Umaro Foods Seaweed Bacon ARPA-E Blog Shark Tank Mark Cuban Lori Greiner

Feeding Frenzy

How Umaro Foods Convinced a Shark to Love Seaweed Bacon

The land-based counterparts of our oceans’ most notorious carnivores, the hungry entrepreneurs from popular reality TV show Shark Tank, recently had their mouths watering at a new product developed by ARPA-E awardee Umaro Foods. Their innovation, plant-based bacon, comes from an unexpected protein source: ocean-farmed seaweed.

Umaro recently brought their plant-based bacon for a high-profile taste test on Shark Tank. After enthusiastically pitching their seaweed bacon to the Sharks, including a detailed explanation of how the future of plant-based protein could be found in the ocean, Umaro founders Beth Zotter and Dr. Amanda Stiles found themselves stuck in the middle of a feeding frenzy between serial entrepreneur and Dallas Mavericks owner Mark Cuban and “Queen of QVC” Lori Greiner.

Ultimately, the team from Umaro accepted a $1 million offer from Cuban for a 7% share of their company.
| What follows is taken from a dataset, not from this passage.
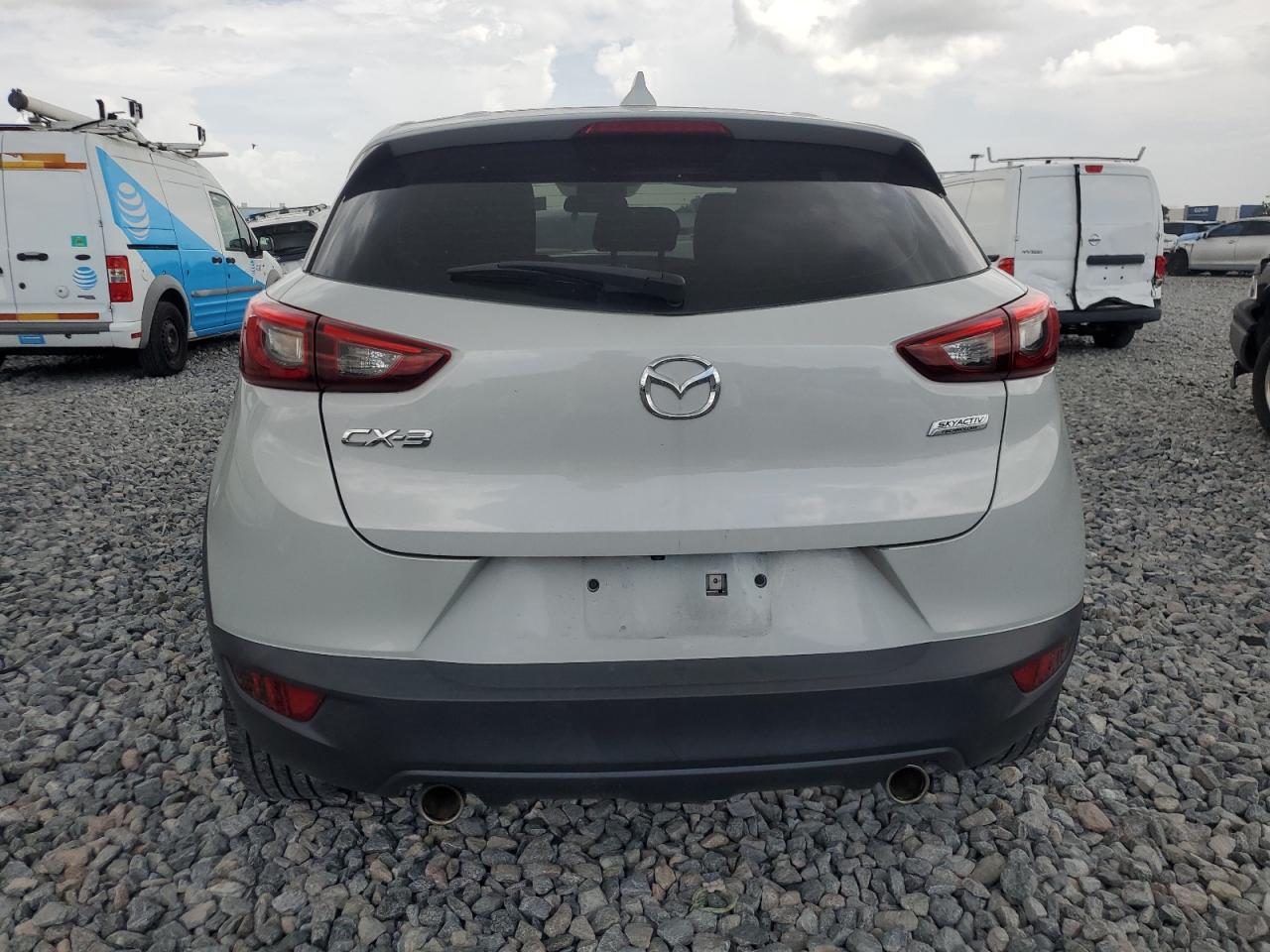 2017 Mazda Cx-3 Touring VIN: JM1DKDC70H0159222 Lot: 66415605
This funding follows $3 million raised in a Series A funding round led by AgFunder.

Umaro Foods received $5 million in funding from ARPA-E in 2018 through the MARINER program to develop mass-scale seaweed farming. The MARINER program funds projects that seek to put America at the forefront of marine biomass production, particularly macroalgae, for various uses, such as the production of biofuels. Umaro Foods originally set out to design and develop a rugged and resilient offshore sea farm with high yield and low capital cost. Though their original ARPA-E project targeted biofuels as a long-term use case of their seaweed farm technology, the company pivoted to creating plant-based food products when they realized their protein could provide an environmentally friendly alternative to traditional animal-based proteins in the short term.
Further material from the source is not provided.